(Work to be completed)
Each entry below is to be duplicated verbatim.

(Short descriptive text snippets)
════
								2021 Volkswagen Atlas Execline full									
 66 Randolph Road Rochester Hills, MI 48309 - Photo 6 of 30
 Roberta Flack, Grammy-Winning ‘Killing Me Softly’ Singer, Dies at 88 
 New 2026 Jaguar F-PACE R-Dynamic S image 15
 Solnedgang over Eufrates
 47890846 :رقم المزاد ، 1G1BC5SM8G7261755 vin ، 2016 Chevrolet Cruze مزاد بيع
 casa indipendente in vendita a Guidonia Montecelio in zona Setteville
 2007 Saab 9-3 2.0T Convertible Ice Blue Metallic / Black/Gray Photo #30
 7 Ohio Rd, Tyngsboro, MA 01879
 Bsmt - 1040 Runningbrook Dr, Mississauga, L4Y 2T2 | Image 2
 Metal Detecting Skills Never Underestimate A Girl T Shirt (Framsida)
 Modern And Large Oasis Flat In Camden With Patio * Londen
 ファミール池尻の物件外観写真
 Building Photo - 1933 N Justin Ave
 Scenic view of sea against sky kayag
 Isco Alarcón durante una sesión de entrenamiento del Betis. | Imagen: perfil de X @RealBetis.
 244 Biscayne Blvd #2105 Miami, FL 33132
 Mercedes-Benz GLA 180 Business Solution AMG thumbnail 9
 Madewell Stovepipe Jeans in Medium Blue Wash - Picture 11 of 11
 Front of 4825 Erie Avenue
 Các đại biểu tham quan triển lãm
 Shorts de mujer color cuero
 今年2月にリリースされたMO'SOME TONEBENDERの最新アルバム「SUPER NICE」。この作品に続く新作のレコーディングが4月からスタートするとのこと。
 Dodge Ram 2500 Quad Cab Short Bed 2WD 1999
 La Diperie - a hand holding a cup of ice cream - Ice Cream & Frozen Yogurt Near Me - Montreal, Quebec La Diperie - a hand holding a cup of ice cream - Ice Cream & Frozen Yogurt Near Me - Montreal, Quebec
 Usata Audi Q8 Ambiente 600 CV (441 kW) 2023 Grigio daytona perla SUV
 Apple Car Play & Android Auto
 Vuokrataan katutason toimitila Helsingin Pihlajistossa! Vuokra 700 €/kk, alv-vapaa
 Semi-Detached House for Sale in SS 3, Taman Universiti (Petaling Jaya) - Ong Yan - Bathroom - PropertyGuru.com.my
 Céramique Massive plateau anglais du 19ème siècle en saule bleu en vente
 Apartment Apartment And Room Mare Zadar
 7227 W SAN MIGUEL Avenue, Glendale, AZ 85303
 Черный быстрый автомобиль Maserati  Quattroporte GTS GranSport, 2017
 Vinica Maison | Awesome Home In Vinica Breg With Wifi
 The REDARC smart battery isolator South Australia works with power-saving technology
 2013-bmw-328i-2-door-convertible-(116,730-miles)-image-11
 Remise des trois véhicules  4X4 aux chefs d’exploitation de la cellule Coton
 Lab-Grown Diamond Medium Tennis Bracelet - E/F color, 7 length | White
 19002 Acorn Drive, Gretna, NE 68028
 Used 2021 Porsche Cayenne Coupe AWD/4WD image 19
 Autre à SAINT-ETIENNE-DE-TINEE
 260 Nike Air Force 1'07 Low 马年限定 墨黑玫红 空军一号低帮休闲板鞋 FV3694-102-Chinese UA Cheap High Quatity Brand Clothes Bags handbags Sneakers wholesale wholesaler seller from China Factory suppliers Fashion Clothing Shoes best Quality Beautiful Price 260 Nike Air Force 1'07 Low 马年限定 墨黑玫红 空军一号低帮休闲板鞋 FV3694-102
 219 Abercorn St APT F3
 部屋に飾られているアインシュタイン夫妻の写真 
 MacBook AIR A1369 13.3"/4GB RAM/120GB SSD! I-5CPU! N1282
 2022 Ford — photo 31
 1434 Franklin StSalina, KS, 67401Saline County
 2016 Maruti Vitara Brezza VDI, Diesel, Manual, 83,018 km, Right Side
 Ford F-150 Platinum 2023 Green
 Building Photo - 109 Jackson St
════
(Response area)
								2021 Volkswagen Atlas Execline full									
 66 Randolph Road Rochester Hills, MI 48309 - Photo 6 of 30
 Roberta Flack, Grammy-Winning ‘Killing Me Softly’ Singer, Dies at 88 
 New 2026 Jaguar F-PACE R-Dynamic S image 15
 Solnedgang over Eufrates
 47890846 :رقم المزاد ، 1G1BC5SM8G7261755 vin ، 2016 Chevrolet Cruze مزاد بيع
 casa indipendente in vendita a Guidonia Montecelio in zona Setteville
 2007 Saab 9-3 2.0T Convertible Ice Blue Metallic / Black/Gray Photo #30
 7 Ohio Rd, Tyngsboro, MA 01879
 Bsmt - 1040 Runningbrook Dr, Mississauga, L4Y 2T2 | Image 2
 Metal Detecting Skills Never Underestimate A Girl T Shirt (Framsida)
 Modern And Large Oasis Flat In Camden With Patio * Londen
 ファミール池尻の物件外観写真
 Building Photo - 1933 N Justin Ave
 Scenic view of sea against sky kayag
 Isco Alarcón durante una sesión de entrenamiento del Betis. | Imagen: perfil de X @RealBetis.
 244 Biscayne Blvd #2105 Miami, FL 33132
 Mercedes-Benz GLA 180 Business Solution AMG thumbnail 9
 Madewell Stovepipe Jeans in Medium Blue Wash - Picture 11 of 11
 Front of 4825 Erie Avenue
 Các đại biểu tham quan triển lãm
 Shorts de mujer color cuero
 今年2月にリリースされたMO'SOME TONEBENDERの最新アルバム「SUPER NICE」。この作品に続く新作のレコーディングが4月からスタートするとのこと。
 Dodge Ram 2500 Quad Cab Short Bed 2WD 1999
 La Diperie - a hand holding a cup of ice cream - Ice Cream & Frozen Yogurt Near Me - Montreal, Quebec La Diperie - a hand holding a cup of ice cream - Ice Cream & Frozen Yogurt Near Me - Montreal, Quebec
 Usata Audi Q8 Ambiente 600 CV (441 kW) 2023 Grigio daytona perla SUV
 Apple Car Play & Android Auto
 Vuokrataan katutason toimitila Helsingin Pihlajistossa! Vuokra 700 €/kk, alv-vapaa
 Semi-Detached House for Sale in SS 3, Taman Universiti (Petaling Jaya) - Ong Yan - Bathroom - PropertyGuru.com.my
 Céramique Massive plateau anglais du 19ème siècle en saule bleu en vente
 Apartment Apartment And Room Mare Zadar
 7227 W SAN MIGUEL Avenue, Glendale, AZ 85303
 Черный быстрый автомобиль Maserati  Quattroporte GTS GranSport, 2017
 Vinica Maison | Awesome Home In Vinica Breg With Wifi
 The REDARC smart battery isolator South Australia works with power-saving technology
 2013-bmw-328i-2-door-convertible-(116,730-miles)-image-11
 Remise des trois véhicules  4X4 aux chefs d’exploitation de la cellule Coton
 Lab-Grown Diamond Medium Tennis Bracelet - E/F color, 7 length | White
 19002 Acorn Drive, Gretna, NE 68028
 Used 2021 Porsche Cayenne Coupe AWD/4WD image 19
 Autre à SAINT-ETIENNE-DE-TINEE
 260 Nike Air Force 1'07 Low 马年限定 墨黑玫红 空军一号低帮休闲板鞋 FV3694-102-Chinese UA Cheap High Quatity Brand Clothes Bags handbags Sneakers wholesale wholesaler seller from China Factory suppliers Fashion Clothing Shoes best Quality Beautiful Price 260 Nike Air Force 1'07 Low 马年限定 墨黑玫红 空军一号低帮休闲板鞋 FV3694-102
 219 Abercorn St APT F3
 部屋に飾られているアインシュタイン夫妻の写真 
 MacBook AIR A1369 13.3"/4GB RAM/120GB SSD! I-5CPU! N1282
 2022 Ford — photo 31
 1434 Franklin StSalina, KS, 67401Saline County
 2016 Maruti Vitara Brezza VDI, Diesel, Manual, 83,018 km, Right Side
 Ford F-150 Platinum 2023 Green
 Building Photo - 109 Jackson St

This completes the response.